Drew Hutchison has tantalized his team and his fans with his talent, sometimes hot, sometimes cold this season, but a perfect storm blew in just in time for the Toronto Blue Jays.
Given Hutchison's showing in his last three starts – not making it past the third inning in two of them – there was no reason to expect the 23-year-old pitcher to put in the kind of night the Blue Jays needed to both stop a four-game losing streak and get back in their big series with the leaders in the American League East Division, the Baltimore Orioles. Then again, Hutchison had showed well against the Orioles this season despite his struggles.
A few hours later, Hutchison had the crowd of 33,054 at the Rogers Centre on its feet and roaring as he struck out the first two batters in the ninth inning and stared in at Orioles right fielder Nick Markakis, hoping to seal a 5-1 Jays win and register his second complete game of his young Major League Baseball career. When Markakis got away with a walk, the only one allowed by Hutchison in 8 2/3 innings, Jays manager John Gibbons was showered with boos as he came out to lift the right-hander for Casey Janssen, who recorded the final out to officially halt the losing streak and even the series with Baltimore at one win each.
But as the fans acknowledged with a standing ovation for Hutchison (8-9) as he walked off the field, the night was his. He allowed just one hit in a masterful performance that saw him retire 22 consecutive batters after his only mistake of the night, a solo home run to Orioles first baseman Chris Davis in the second inning. He struck out eight batters.
"Perfect timing," Gibbons said of Hutchison pulling a magical performance seemingly out of nowhere. "We were struggling a little bit. It's a good ball club [and] we needed that. He was good. He has pitched good ball games for us this year, but perfect timing for us tonight."
Hutchison gave a little shake of his head after he turned the ball over to Gibbons in the ninth, unable to hold in some frustration at not being able to try to finish the game. But with the youngster just two years removed from Tommy John surgery on his right elbow, Gibbons was not going to take any chances once he hit 115 pitches.
"It's a great start but it's a little frustrating to walk the last guy," Hutchison said. "You don't want to be too picky."
Gibbons, for one, thinks more of the same lies ahead for Hutchison.
"That's just a glimpse of what we think he's going to be down the road," he said. "He has a chance to be a real good one."

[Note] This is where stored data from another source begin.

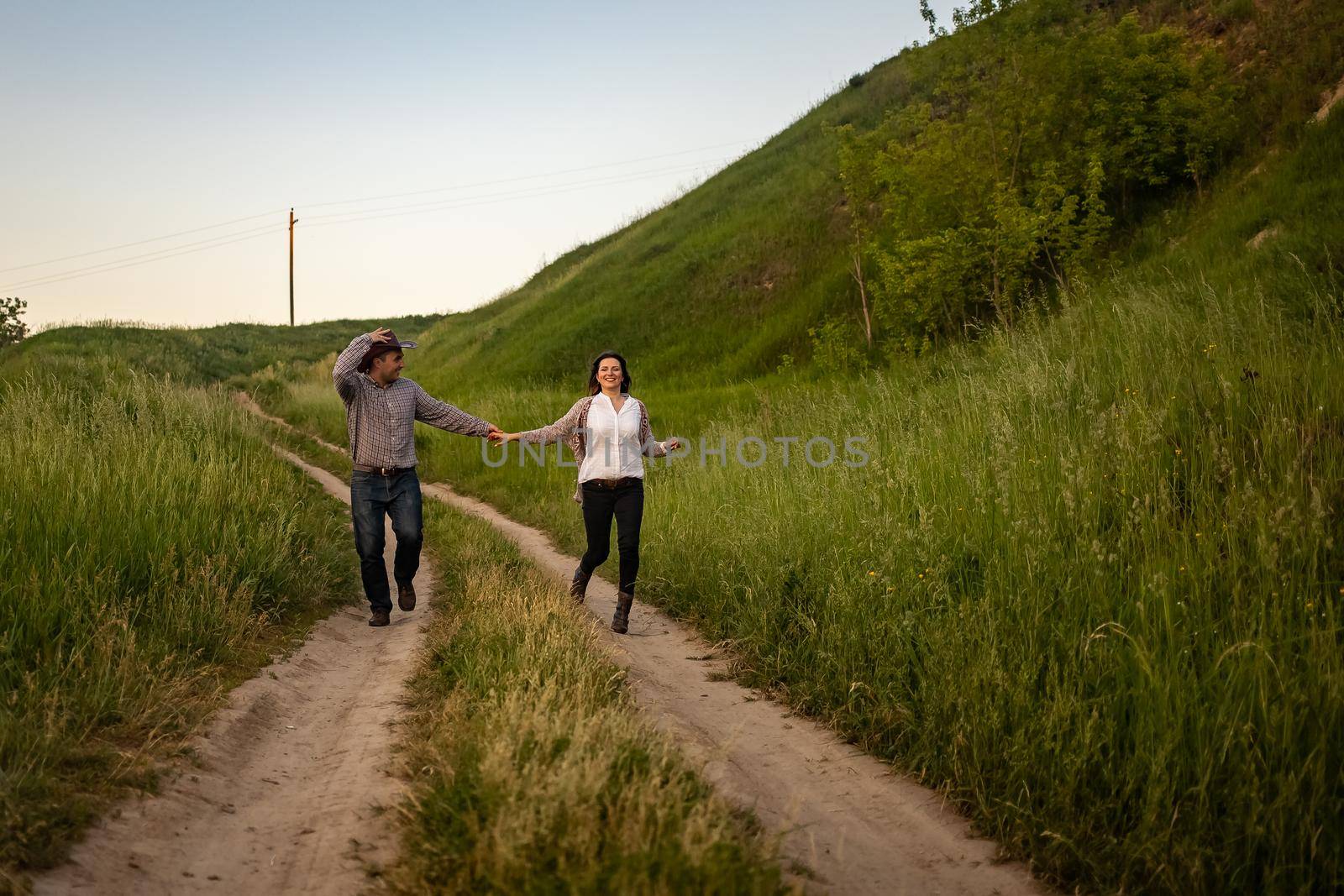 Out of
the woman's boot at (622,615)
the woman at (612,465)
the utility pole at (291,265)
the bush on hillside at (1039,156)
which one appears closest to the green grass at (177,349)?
the utility pole at (291,265)

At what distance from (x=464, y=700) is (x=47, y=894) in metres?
1.85

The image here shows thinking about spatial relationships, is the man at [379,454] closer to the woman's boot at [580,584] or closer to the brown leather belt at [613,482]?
the brown leather belt at [613,482]

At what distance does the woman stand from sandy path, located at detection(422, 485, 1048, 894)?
1240 millimetres

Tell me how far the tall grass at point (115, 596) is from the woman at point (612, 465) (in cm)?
253

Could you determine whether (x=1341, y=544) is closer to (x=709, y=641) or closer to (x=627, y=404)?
(x=709, y=641)

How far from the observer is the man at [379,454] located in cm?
766

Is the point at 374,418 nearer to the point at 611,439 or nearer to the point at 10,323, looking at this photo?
the point at 611,439

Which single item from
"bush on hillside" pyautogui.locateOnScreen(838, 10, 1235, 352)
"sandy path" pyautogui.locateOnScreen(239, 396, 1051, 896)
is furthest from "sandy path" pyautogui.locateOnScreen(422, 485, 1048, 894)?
"bush on hillside" pyautogui.locateOnScreen(838, 10, 1235, 352)

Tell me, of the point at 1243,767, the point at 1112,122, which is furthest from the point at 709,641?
the point at 1112,122

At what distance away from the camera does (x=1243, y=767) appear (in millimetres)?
3326

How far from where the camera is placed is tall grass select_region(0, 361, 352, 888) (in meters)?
3.64

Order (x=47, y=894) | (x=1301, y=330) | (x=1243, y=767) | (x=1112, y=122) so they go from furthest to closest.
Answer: (x=1112, y=122)
(x=1301, y=330)
(x=1243, y=767)
(x=47, y=894)

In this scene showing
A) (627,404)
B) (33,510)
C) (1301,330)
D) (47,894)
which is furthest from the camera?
(627,404)

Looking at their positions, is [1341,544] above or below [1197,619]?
above
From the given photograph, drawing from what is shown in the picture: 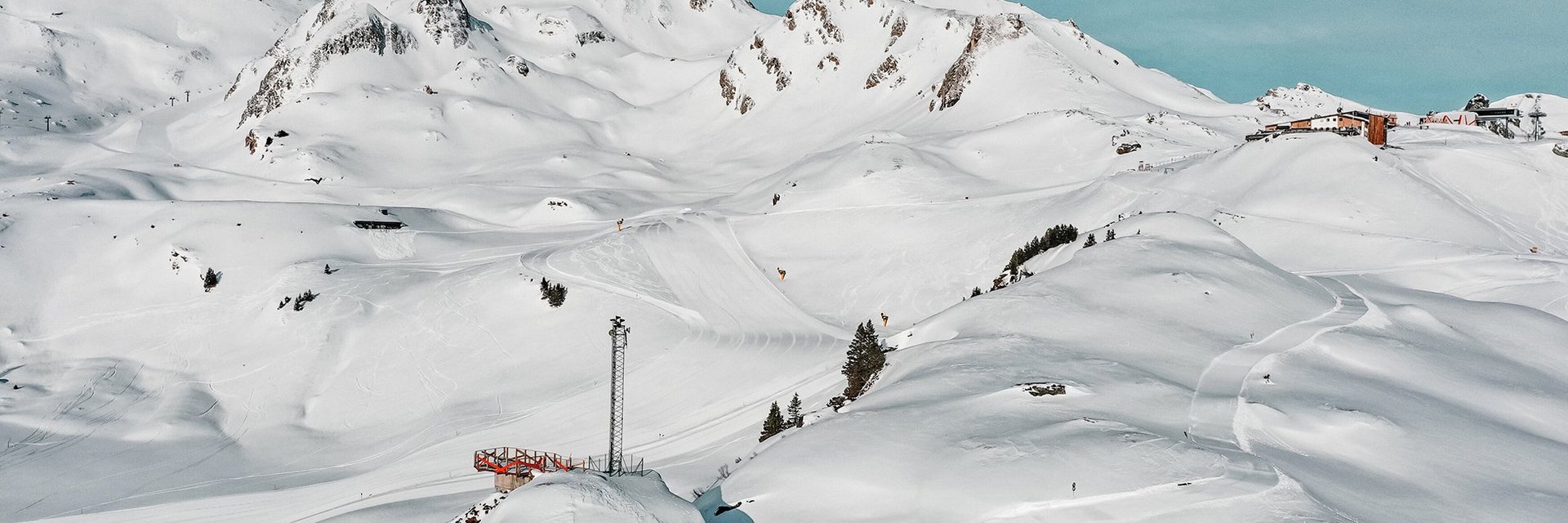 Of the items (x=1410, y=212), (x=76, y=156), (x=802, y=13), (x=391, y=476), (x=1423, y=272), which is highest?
(x=802, y=13)

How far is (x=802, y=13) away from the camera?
475ft

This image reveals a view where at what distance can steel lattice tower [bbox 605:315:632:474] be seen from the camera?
2684cm

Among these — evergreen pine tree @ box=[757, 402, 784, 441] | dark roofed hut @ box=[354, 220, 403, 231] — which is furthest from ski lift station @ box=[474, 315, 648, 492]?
dark roofed hut @ box=[354, 220, 403, 231]

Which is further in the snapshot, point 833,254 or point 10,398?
point 833,254

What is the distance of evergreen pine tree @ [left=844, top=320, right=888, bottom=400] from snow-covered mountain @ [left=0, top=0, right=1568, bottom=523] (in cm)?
122

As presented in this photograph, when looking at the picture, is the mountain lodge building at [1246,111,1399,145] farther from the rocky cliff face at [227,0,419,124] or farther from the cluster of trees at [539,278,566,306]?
the rocky cliff face at [227,0,419,124]

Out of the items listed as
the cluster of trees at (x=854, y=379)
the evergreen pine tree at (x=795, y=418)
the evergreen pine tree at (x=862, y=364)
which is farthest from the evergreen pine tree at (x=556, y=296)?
the evergreen pine tree at (x=795, y=418)

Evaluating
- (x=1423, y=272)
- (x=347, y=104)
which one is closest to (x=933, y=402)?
(x=1423, y=272)

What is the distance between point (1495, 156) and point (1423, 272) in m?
19.5

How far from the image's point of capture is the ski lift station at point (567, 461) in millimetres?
27250

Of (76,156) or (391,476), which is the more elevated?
(76,156)

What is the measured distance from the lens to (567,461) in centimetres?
3781

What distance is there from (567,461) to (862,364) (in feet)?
36.6

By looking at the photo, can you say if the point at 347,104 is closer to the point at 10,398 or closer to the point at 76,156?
the point at 76,156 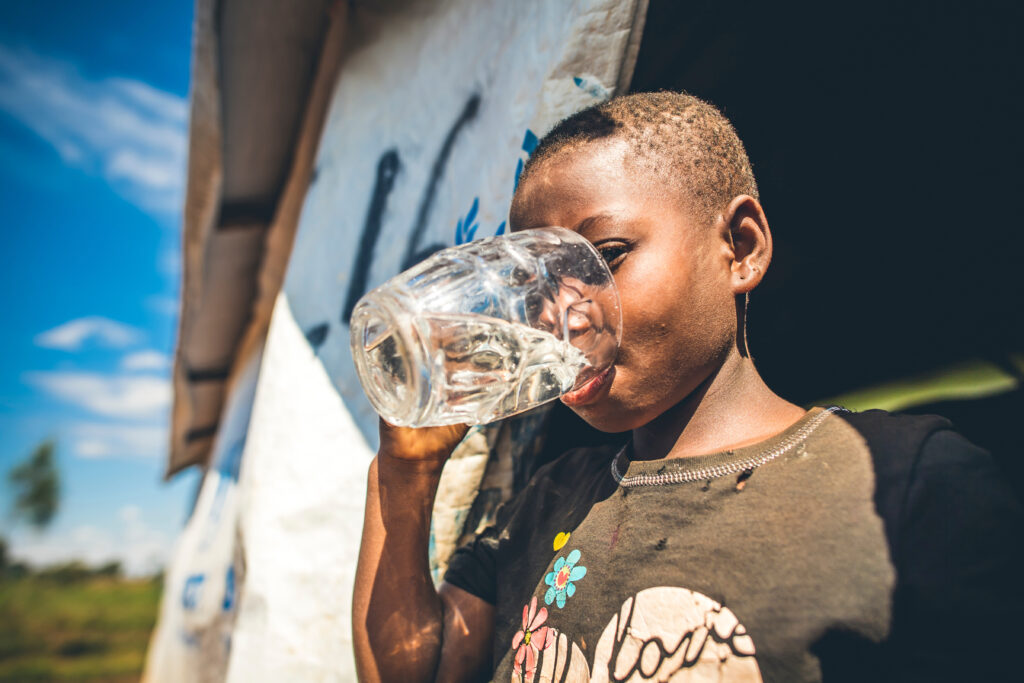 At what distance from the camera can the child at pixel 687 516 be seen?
2.20 feet

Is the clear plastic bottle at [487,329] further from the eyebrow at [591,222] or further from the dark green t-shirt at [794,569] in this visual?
the dark green t-shirt at [794,569]

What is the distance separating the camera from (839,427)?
2.81 ft

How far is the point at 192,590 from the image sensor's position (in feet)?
7.29

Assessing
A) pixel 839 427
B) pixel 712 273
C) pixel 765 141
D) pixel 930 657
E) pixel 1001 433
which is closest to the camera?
pixel 930 657

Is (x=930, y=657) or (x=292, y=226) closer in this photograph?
(x=930, y=657)

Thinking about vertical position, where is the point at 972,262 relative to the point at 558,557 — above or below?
above

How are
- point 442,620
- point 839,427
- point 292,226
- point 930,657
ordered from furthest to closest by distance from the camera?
point 292,226 < point 442,620 < point 839,427 < point 930,657

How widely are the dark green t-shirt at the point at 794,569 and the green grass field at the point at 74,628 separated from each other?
14.0 m

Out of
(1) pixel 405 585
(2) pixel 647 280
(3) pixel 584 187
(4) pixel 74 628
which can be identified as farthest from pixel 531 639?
(4) pixel 74 628

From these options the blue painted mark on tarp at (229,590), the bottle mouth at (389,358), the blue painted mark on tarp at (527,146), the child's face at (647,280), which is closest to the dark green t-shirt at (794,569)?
the child's face at (647,280)

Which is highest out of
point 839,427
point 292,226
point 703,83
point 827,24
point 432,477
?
point 827,24

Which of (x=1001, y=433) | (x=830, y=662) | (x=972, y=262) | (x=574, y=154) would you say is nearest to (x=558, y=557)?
(x=830, y=662)

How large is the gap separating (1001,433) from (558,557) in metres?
1.35

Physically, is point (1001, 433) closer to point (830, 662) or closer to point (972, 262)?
point (972, 262)
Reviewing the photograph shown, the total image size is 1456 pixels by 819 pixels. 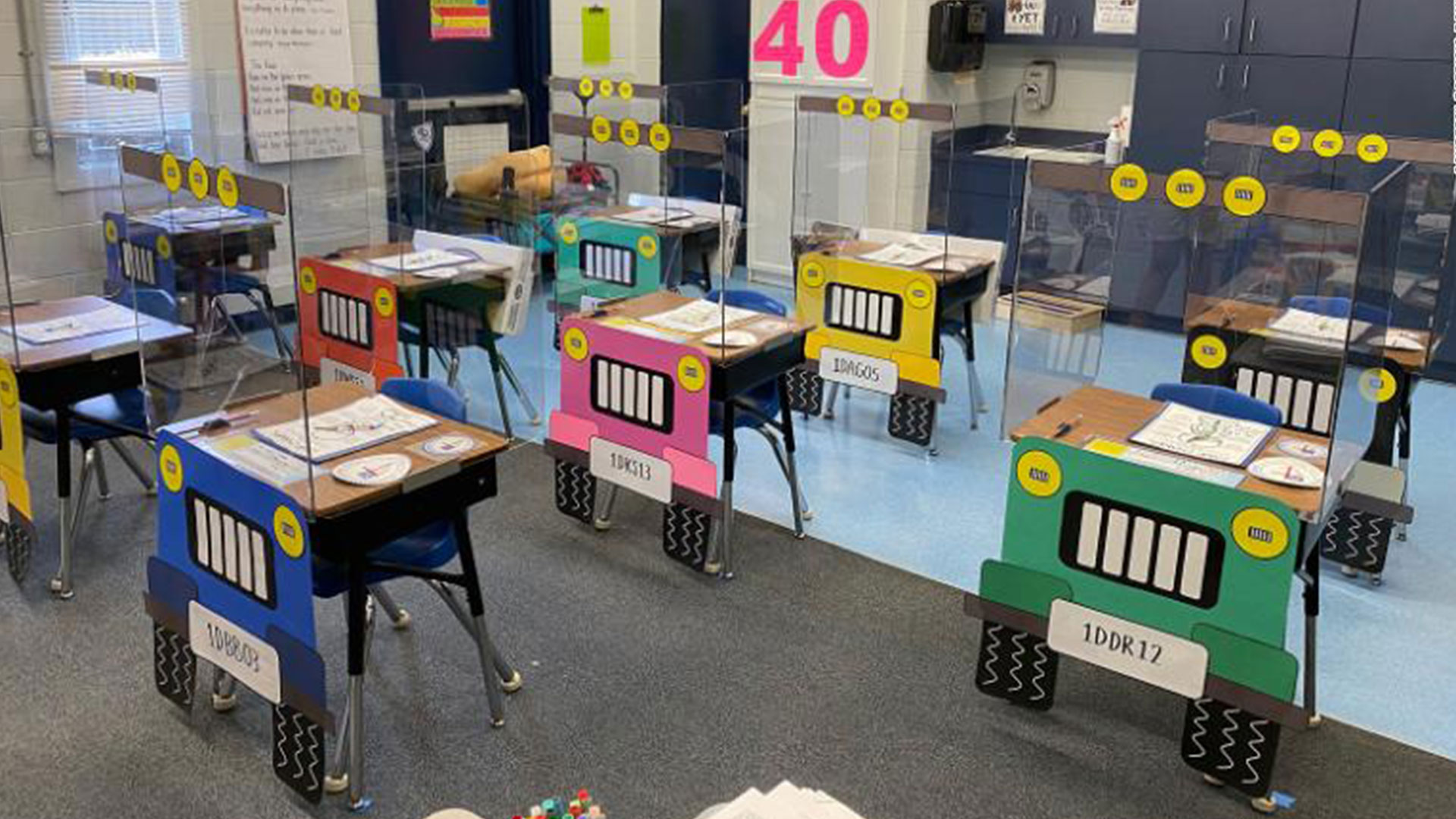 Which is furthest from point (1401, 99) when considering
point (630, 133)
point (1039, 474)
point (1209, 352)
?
point (1039, 474)

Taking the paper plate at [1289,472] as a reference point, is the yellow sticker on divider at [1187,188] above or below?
above

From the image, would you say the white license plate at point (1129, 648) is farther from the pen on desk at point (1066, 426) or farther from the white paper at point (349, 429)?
the white paper at point (349, 429)

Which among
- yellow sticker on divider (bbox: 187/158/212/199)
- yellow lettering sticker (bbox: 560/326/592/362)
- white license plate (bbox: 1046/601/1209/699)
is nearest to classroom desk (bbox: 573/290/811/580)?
yellow lettering sticker (bbox: 560/326/592/362)

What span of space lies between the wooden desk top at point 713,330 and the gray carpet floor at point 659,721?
725 millimetres

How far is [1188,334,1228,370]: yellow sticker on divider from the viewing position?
12.9ft

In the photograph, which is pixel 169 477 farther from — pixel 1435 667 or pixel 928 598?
pixel 1435 667

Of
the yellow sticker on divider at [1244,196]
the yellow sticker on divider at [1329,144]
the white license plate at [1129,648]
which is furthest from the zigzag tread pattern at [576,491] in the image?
the yellow sticker on divider at [1329,144]

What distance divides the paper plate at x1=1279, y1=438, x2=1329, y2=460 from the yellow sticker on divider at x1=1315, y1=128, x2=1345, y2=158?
2486 mm

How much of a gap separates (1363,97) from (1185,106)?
0.84 meters

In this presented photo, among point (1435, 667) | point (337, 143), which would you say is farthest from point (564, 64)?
point (1435, 667)

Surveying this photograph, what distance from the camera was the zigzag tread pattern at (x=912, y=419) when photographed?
4.84 metres

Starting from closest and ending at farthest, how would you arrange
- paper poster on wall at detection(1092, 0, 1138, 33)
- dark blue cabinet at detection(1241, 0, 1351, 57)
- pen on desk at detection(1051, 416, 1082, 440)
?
pen on desk at detection(1051, 416, 1082, 440) → dark blue cabinet at detection(1241, 0, 1351, 57) → paper poster on wall at detection(1092, 0, 1138, 33)

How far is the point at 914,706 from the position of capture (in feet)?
10.3

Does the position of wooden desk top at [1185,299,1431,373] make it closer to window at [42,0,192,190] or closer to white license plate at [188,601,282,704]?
white license plate at [188,601,282,704] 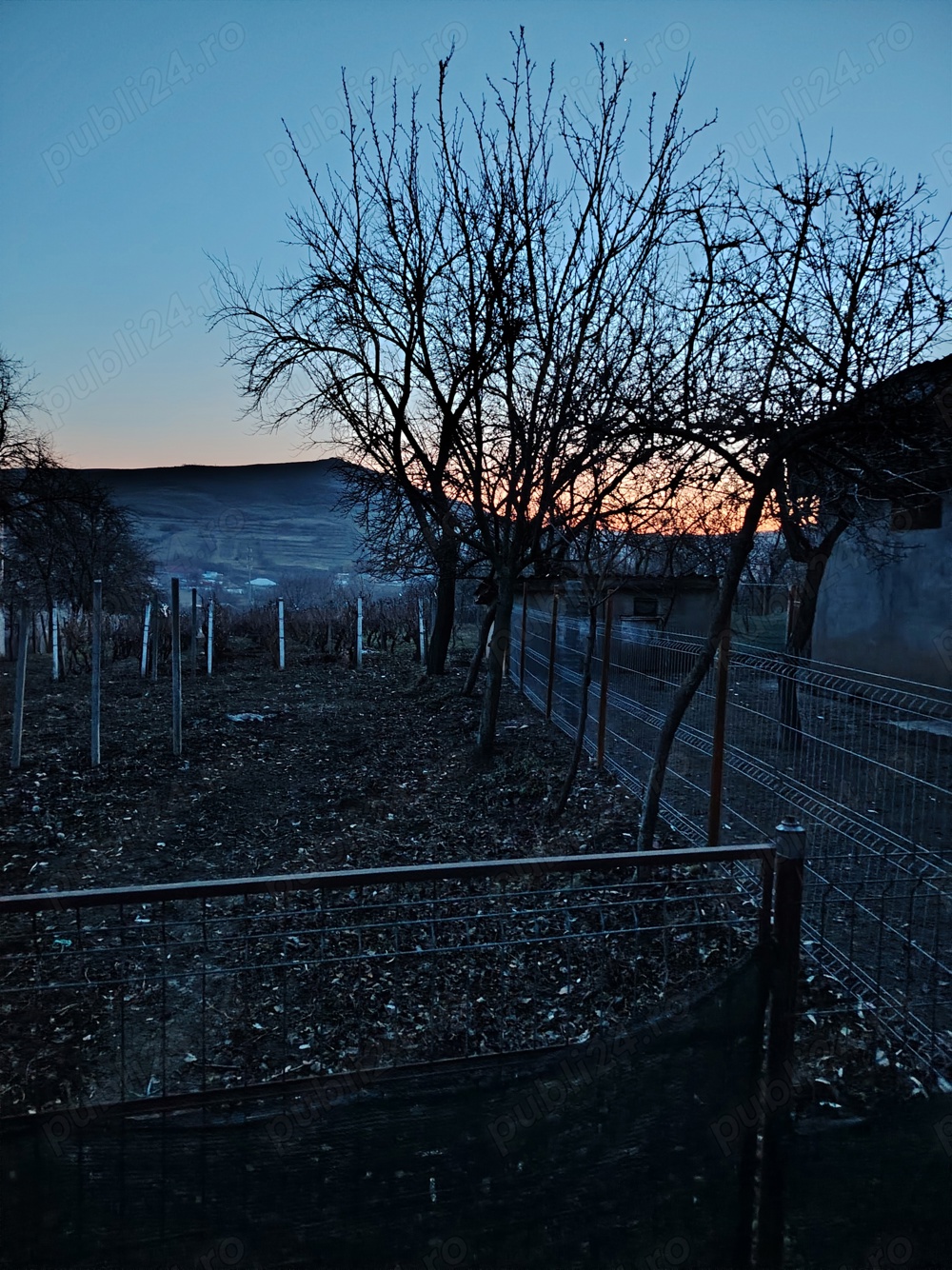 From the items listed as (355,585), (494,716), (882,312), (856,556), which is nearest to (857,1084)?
(882,312)

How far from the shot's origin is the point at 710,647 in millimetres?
4645

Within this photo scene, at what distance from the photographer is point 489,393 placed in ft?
29.1

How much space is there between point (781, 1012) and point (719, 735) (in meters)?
2.34

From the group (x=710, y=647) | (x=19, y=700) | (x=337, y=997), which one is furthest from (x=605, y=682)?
(x=19, y=700)

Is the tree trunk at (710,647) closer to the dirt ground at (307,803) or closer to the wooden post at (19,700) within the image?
the dirt ground at (307,803)

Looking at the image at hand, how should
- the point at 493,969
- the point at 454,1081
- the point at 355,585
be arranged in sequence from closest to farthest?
the point at 454,1081 < the point at 493,969 < the point at 355,585

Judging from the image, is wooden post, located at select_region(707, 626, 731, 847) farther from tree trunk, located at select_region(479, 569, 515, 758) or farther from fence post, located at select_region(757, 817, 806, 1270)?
tree trunk, located at select_region(479, 569, 515, 758)

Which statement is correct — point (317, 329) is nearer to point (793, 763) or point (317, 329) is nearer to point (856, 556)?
point (856, 556)

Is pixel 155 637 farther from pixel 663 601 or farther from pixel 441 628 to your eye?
pixel 663 601

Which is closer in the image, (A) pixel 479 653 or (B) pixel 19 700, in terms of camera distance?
(B) pixel 19 700

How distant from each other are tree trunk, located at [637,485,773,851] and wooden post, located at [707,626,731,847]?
57 millimetres

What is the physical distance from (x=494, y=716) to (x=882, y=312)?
17.9ft

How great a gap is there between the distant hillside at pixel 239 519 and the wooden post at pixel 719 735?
72.1 meters

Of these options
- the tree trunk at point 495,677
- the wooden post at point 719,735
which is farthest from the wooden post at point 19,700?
the wooden post at point 719,735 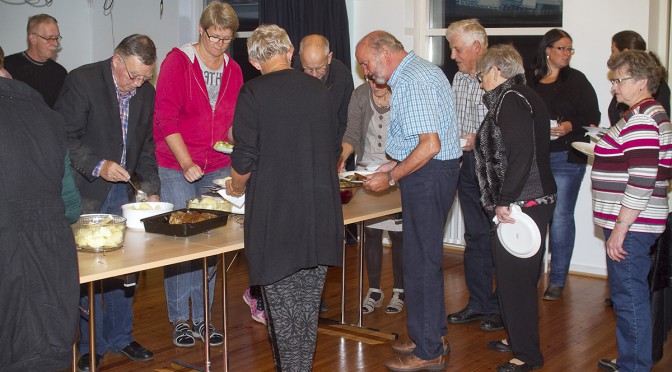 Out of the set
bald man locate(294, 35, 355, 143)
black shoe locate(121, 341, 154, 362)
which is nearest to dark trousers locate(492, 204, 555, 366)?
bald man locate(294, 35, 355, 143)

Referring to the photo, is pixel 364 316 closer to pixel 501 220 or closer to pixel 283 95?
pixel 501 220

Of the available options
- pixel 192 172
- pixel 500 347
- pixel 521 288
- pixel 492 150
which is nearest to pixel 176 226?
pixel 192 172

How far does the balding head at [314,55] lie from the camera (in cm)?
399

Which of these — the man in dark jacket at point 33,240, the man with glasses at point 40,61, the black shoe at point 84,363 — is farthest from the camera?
the man with glasses at point 40,61

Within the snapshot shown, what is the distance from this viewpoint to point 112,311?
3.72 metres

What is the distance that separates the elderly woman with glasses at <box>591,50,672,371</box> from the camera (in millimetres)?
3146

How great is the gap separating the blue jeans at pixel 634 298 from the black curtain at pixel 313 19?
3.30m

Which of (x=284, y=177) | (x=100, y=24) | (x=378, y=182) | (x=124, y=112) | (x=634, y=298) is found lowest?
(x=634, y=298)

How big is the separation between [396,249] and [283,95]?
6.77 ft

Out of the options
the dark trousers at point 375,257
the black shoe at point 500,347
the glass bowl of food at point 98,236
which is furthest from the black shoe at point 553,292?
the glass bowl of food at point 98,236

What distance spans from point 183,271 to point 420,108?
1539mm

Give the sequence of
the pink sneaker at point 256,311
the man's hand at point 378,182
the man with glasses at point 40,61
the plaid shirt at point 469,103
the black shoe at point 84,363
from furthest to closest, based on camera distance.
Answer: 1. the man with glasses at point 40,61
2. the pink sneaker at point 256,311
3. the plaid shirt at point 469,103
4. the black shoe at point 84,363
5. the man's hand at point 378,182

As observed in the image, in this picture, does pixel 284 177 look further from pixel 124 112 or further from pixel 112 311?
pixel 112 311

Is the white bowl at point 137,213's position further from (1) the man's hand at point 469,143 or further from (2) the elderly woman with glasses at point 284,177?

So does Jays right fielder Jose Bautista, who drove in three runs with his 22nd home run of the season and a single to keep Hutchison comfortably in the lead almost all night.
"I don't think it's any surprise," Bautista said. "He's certainly capable of doing what he did [Wednesday] on a consistent basis.
"He had a great tempo, he kept throwing strikes and kept people off-balance. I was hoping he would be able to finish it off and get the complete game but maybe that's something to shoot for in the next start for him."
What was keeping the Orioles off-balance was Hutchison's slider and change-up, which he was setting up with his fastball. In four starts against the Orioles, Hutchison has allowed just three earned runs over 27 2/3 innings with 25 strikeouts and only four walks.
"I was locating my heater down, which is more important, and the slider comes off of that," Hutchison said. "I thought my changeup was really good.
"You approach them all the same. I've just had good success against [Baltimore]."
The Blue Jay offence contributed to the sense of the unusual by scoring all five of their runs through the first six innings with two outs. That kind of clutch hitting has also been a rare sight for Blue Jay fans over the last few months.
After the Orioles got two outs in the first, the Blue Jays rapped out three consecutive base hits, from DH Nolan Reimold, catcher Dioner Navarro and first baseman Danny Valencia, to take a lead they never surrendered.